Il faut donc choisir, c'est-à-dire prendre des risques. Si l'on incline vers la voie solitaire, à première vue la moins compliquée à emprunter, on doit se préparer à en assumer les conséquences. Dans un premier temps, on tentera de faire plus et mieux avec autant, voire avec moins. Mais cette ritournelle, qui conjugue réalisme et cynisme, devient vite exaspérante. Vient le moment où tout développement substantiel implique forcément des renoncements substantiels. Pour créer des postgrades, on dégarnira l'encadrement dans les études de base. Afin d'assurer un encadrement suffisant dans les filières les plus prisées, on réduira les forces d'enseignement là où les effectifs croissent moins vite. Et comment parviendra-t-on à renforcer les sciences de la vie sans toucher à d'autres disciplines majeures, telle la physique et la chimie, qui ont pu se renforcer au cours de périodes plus prospères ? Franchement dit, pour défendre cette ligne de conduite avec conviction, il faut appartenir au cercle des bénéficiaires de ces mesures et confondre sans vergogne ses intérêts particuliers avec l'intérêt général. Car cette politique conduirait tôt ou tard à fermer des secteurs d'enseignement et de recherche qui demeurent de première nécessité dans une Université généraliste et publique où le grec ancien revêt autant de valeur que les neurosciences.

Confrontées au même problème, l'Université de Lausanne et l'Université de Genève ont pris le parti de s'associer pour créer des formations postgrades communes et pour maintenir, voire élargir, leur offre d'enseignement, en définissant ensemble les postes à repourvoir. Cette politique de longue haleine commence à porter ses fruits : elle a notamment permis la mise sur pied ou le renforcement de plusieurs postgrades communs en sciences, en sciences politiques, en études genre, en droit européen.

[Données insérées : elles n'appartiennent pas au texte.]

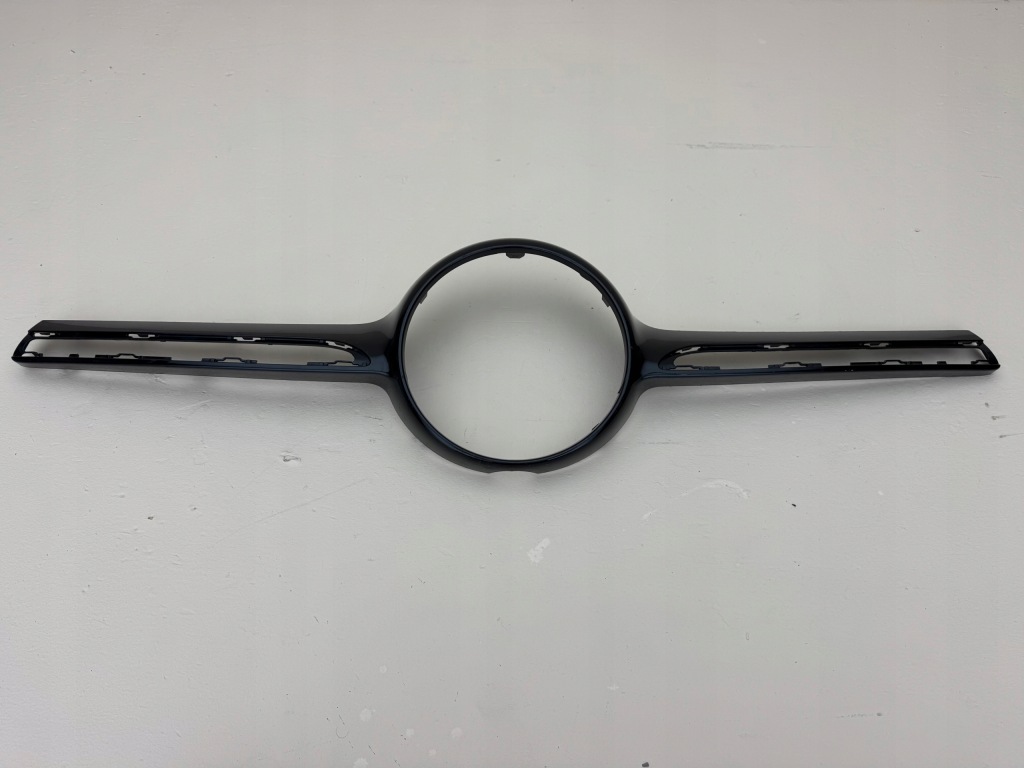 Купить Mercedes gle w167 amg 19r- решётка радиатора решётка радиатора радиатора перед a1678886200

Hier une étape nouvelle et capitale a été présentée sous la forme d'un projet que je ne puis détailler ici. L'étape est nouvelle, ne serait-ce que parce que l'EPFL s'y trouve engagée au coté des deux Universités. Elle est capitale puisqu'elle assure un développement majeur, en premier lieu dans les sciences du vivant et en sciences humaines, un développement bénéfique tant pour les étudiants que pour les chercheurs de demain. Sa réalisation est suspendue à deux conditions majeures : que la Confédération fournisse des ressources nouvelles pour soutenir la collaboration entre les Hautes Écoles et que le Canton de Vaud, pour ne parler que de lui, soit résolu à favoriser la croissance de son Université dans un espace mieux coordonné.

Ce projet, lourd de conséquences, doit être soigneusement examiné et discuté. Ce dont je souhaite que tous soient convaincus, c'est qu'il répond à une volonté et une nécessité de développement pour chacun des partenaires impliqués et, bien sûr, pour ceux qui voudraient s'y associer. La Confédération ne pourrait envisager de lui apporter un soutien de grande ampleur s'il en allait autrement. Ce dont il faut également se persuader sur la place lausannoise, c'est-à-dire du côté de l'UNIL et de l'EPFL, c'est qu'à court terme, on ne pourra y assurer l'essor des disciplines scientifiques de base &emdash; mathématiques, physique, chimie et biologie &emdash; sans une répartition marquée des tâches et un nouveau mode de collaboration.

Il nous faut choisir comment construire notre avenir. Pour tout autre que l'âne de Buridan, c'est une chance.